The way it is currently coded defeats the purpose of multithreading: the thread's access to the global sum is essentially sequential. You'd be in a better shape if each thread computed - and returned - the sum over its own domain, and the main thread added the four returned sum to the grand total.
Would it be faster than the naive single-threaded summation? I don't know. Perhaps yes, perhaps no. The pattern of access to the array looks very cache-unfriendly, possibly incurring too many cache misses. You already have the profiling infrastucture in place, so go an extra mile and compare the implementations.

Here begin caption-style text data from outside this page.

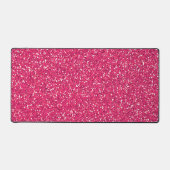 Roze Glitter Foto Afbeelding Bureaumat (Voorkant)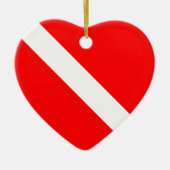 Scuba Dive Flag Ornament (dubbelzijdig) (Voorkant)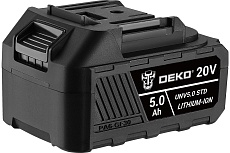 Аккумулятор Deko UNV5.0 STD, Li-ion, 20В, 5.0Аxч 063-4495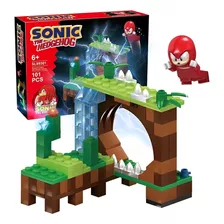 Knuckles - Plataforma Sonic The Hedgehog Blocos De Montar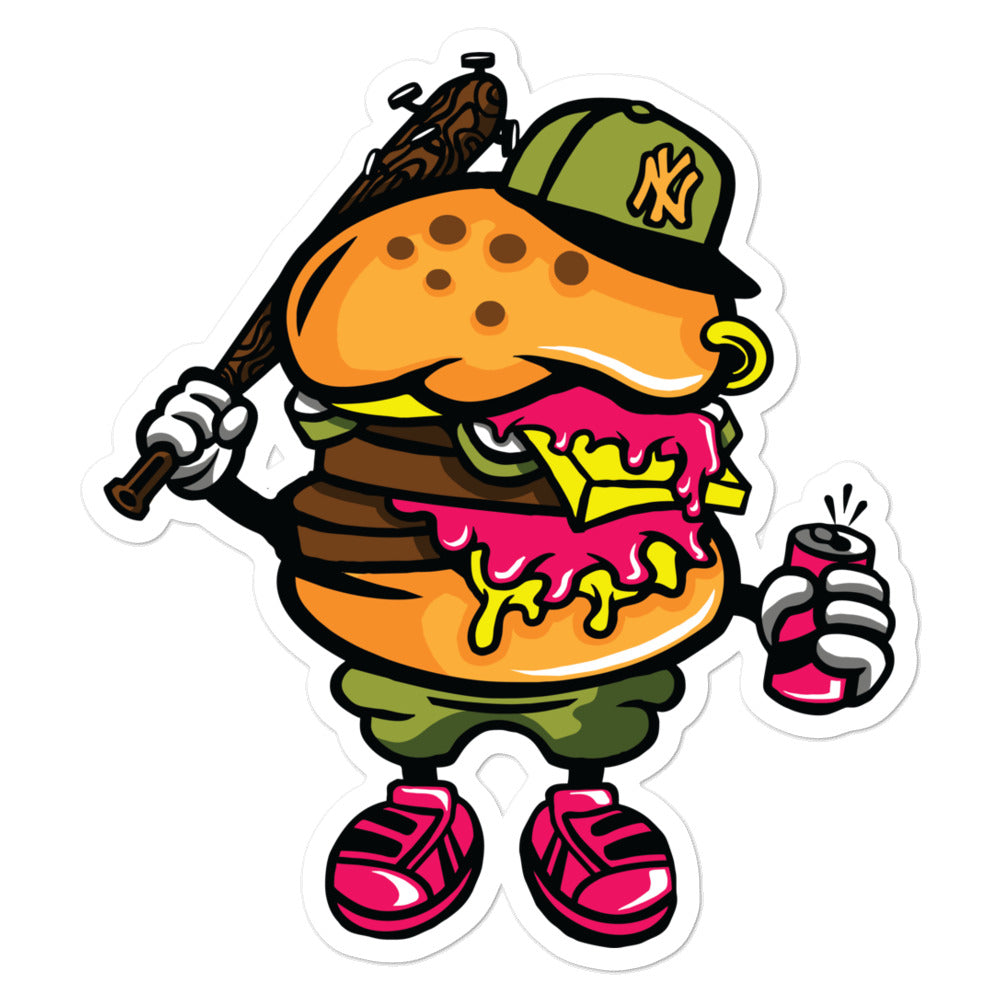 Burger Bastard sticker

// Global mutex to guard the shared variable
std::mutex myMutex;
In general, prefer to put names inside namespace, local or class scope. Make a name global only if you really have to, because a bunch of poorly kept global names may cause subtle definition-related ambiguities, like odr violation.
constexpr long long FOURTH_PART = SIZE;
Concurrent execution efficiency is bounded by the number of hardware threads varying for different platforms. A program is less efficient when the number of program execution threads is greater than the number of available hardware threads due to the additional thread scheduling overhead. We should first obtain the optimal number of threads
unsigned int nthreads = std::thread::hardware_concurrency();
The result may be zero. In which case, I would either manually check the platform specific features, or simply assume the single threaded case.

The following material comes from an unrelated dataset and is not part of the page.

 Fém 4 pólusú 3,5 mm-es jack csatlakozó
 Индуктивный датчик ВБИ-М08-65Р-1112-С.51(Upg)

Note that the program actually occupies five execution threads: one main and four summating threads.
Now the program is pretty useless because we have the hard-coded input data SIZE.

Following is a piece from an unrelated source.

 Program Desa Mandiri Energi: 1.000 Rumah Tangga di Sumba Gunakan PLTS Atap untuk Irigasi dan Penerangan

Otherwise, we would have to additionally define per-thread sizes of data chunks.
Types of myVector elements and sum mismatch.
Signed-to-unsigned conversion produces incorrect summation result for negative elements.
It is important to note because conversion is performed inside the function that is not responsible for the vector contents.
unsigned long long is pretty wordy.
std::size_t is the proper unsigned integer type used for indexing over containers because it represents any index value.
We could also use other integral types as long as we could guarantee that all the used index values lay inside the types' domains.
A possible implementation may be like this
void findSum(std::vector<int>::const_iterator b,
std::vector<int>::const_iterator e,
long long& partialSum)
{
long long sum = 0;
for (; b != e; ++b)
sum += *b;
partialSum = sum;
}
long long sum(const std::vector<int>& v, const std::size_t minChunkSize = 1000)
{
const unsigned int nthreads = std::thread::hardware_concurrency();
std::vector<std::thread> threads;
std::vector<long long> partialSums;
partialSums.resize(nthreads); // a bit of redundancy for simplicity
std::size_t chunkSize = v.size() / (nthreads == 0 ? 1 : nthreads);
chunkSize = std::max(chunkSize, minChunkSize);
auto b = std::begin(v);
for (std::size_t size = 0, i = 0; size + chunkSize < v.size(); size += chunkSize) {
threads.push_back(std::thread{ findSum, b, b + chunkSize, std::ref(partialSums[i++]) });
b += chunkSize;
}
long long totalSum = 0;
findSum(b, std::end(v), totalSum); // use main thread too
for (std::thread& t : threads)
t.join();
for (long long ps : partialSums)
totalSum += ps;
return totalSum;
}
The chunk size may be chosen heuristically.